Weaven strongly defends the contribution which private investment has made to infrastructure.

"Airports were a total federal monopoly with a single authority engendering no competition between different city airports.

"Private investment in airports has been fantastic because the owners and operators have been many times more effective in getting traffic movement through the airports, and developing ancillary services and land."

He blames the debacle of Sydney's Cross City Tunnel squarely on the state Government, which he says never sold the objective of getting traffic out of the city. "Investors were not prepared to stand up and lay the blame where it should have been placed, on the Government."

The high fees extracted by merchant banks for structuring private infrastructure deals have contributed to their poor public reputation.

Weaven puts the high fees charged by organisations like Macquarie Bank down to their skill at originating deals in an under-supplied market.

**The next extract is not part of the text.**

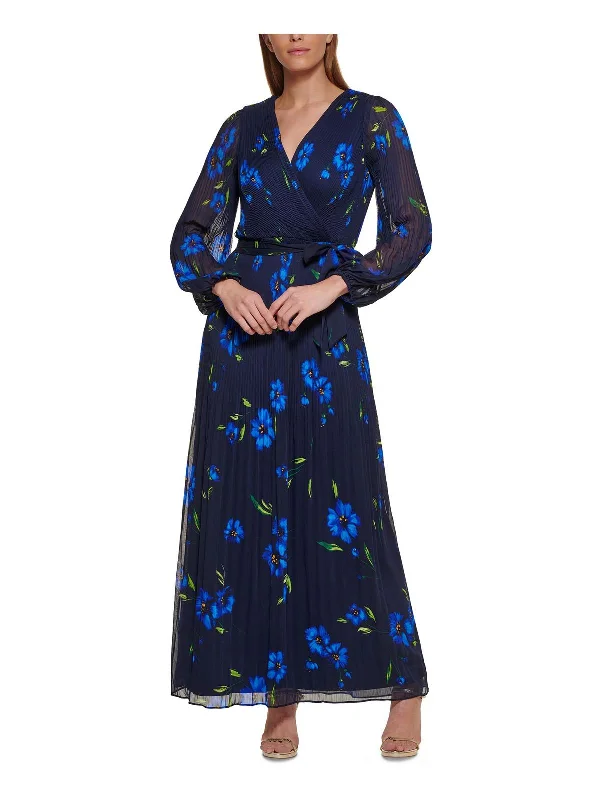 Womens Floral Balloon Sleeves Evening Dress Tunics Luxurious high-end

"If governments were better at facilitating deals, making them more straightforward and simple, a lot of the fees would come out. We try to lead fees downward for our clients, but we are often dependent on merchant banks for deal origination."

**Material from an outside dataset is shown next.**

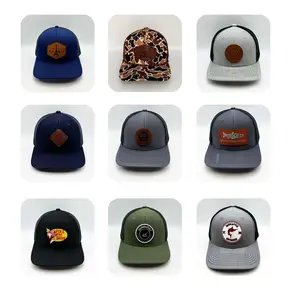 Hochwertige 6-Panel Sportkappen individuelles Lederaufnäher Logo Großhandel einfarbiges Netz Richardson 112 Trucker-Hüte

He cites the example of Melbourne's Spencer Street Station, which was a deal done by a merchant bank, ABN AMRO, and the builder Leightons. IFS bought in on behalf of industry fund clients after the station was built. "The construction difficulties with that project show it is sometimes good for the public sector to shift risk to someone else."

"Our position was to be satisfied with a much lower yield deal, with a lot of those risks being taken by others up-front."

AMP Capital's Paul Foster says the level of fees is not so much an issue as the alignment of the interests of the manager and the investors. Managers such as AMP Capital and Hastings do not charge investors a transaction fee, but gain their returns in line with the long-term performance of the asset.

Foster takes a broad view of infrastructure investments based on their risk profile. He includes assets such as student housing, but not a power station selling commodity electricity into the grid at the market price.

However, the privatisation of the generators of NSW and Queensland are the biggest deals that the investment industry would like to see.

Funds managers also point out that Australia has relatively few private ports, while most of its water assets are still in public hands.